In contrast to this we investigate models that take into account the 3D structure of objects. We believe that building models that encode the three dimensional origin of real world objects has several benefits. It leads to more compact computational models that therefore will need less training data during a training phase. Further, the output of 3D object detection systems will enable richer reasoning about entire visual scenes. A simple bounding box around objects of interest may be sufficient for counting and coarse localizing of objects. However, we aim to recover articulations and the 3D extent of objects together with a precise localization and categorization. This richer information is needed in order to extract knowledge about object compositions in a scene as a whole.
In the last years we have made progress towards this goal. The work [ ] proposes methods that perform 3D bounding box detection from 2D images. We extend a state-of-the-art model, namely the Deformable Parts Model (DPM) from Felzenszwalb et al., to a full 3D object model. The DPM is a mixture of star based CRF models that include deformation and appearance terms. We propose a CRF that models an object directly in 3D and that can be evaluated using any image projection. Then, for novel unseen images, the object identity, its localization and the projection from 3D to 2D is reasoned about. Since most benchmarks promote object detection as a 2D detection task, and we use only 2D training data, we use CAD models to inform our detection model about the 3D structure of objects. This enables reasoning about occlusion [ ] and transfer learning of geometric information across different object instances [ ].
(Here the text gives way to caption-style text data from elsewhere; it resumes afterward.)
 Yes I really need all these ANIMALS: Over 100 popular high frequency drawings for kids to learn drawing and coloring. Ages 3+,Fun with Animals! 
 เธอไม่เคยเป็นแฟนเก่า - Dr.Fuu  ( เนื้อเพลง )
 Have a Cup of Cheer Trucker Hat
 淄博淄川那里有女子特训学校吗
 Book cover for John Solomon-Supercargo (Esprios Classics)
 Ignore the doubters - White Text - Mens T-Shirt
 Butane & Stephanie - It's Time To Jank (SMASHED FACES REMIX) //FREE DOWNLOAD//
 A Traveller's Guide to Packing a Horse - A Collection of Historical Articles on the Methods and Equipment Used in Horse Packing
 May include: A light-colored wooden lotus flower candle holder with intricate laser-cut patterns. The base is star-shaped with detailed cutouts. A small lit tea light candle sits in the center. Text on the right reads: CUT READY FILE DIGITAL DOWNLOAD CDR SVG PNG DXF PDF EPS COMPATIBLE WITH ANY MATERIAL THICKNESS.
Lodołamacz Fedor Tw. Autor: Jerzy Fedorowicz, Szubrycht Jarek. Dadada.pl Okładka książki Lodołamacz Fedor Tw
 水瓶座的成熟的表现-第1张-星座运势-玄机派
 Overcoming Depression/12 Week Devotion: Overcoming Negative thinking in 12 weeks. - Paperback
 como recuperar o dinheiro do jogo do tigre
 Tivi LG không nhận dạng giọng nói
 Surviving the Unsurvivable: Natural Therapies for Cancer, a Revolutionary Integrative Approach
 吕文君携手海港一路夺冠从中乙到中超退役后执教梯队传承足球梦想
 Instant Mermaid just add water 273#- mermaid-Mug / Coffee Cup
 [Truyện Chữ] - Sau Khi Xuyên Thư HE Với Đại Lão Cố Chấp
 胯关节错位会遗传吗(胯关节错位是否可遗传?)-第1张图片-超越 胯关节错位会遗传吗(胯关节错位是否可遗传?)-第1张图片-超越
In [ ] we extended our work into a system that is capable of extracting detailed CAD models from unconstrained images. We combine several estimation steps that infer viewpoint, object identity and position into a coherent system that results in very fine grained and detailed hypotheses about the objects present in the scene. Following careful design, in each stage the method constantly improves the performance and achieves state-of-the-art performance in simultaneous 2D bounding box and viewpoint estimation on the challenging Pascal3D+ dataset.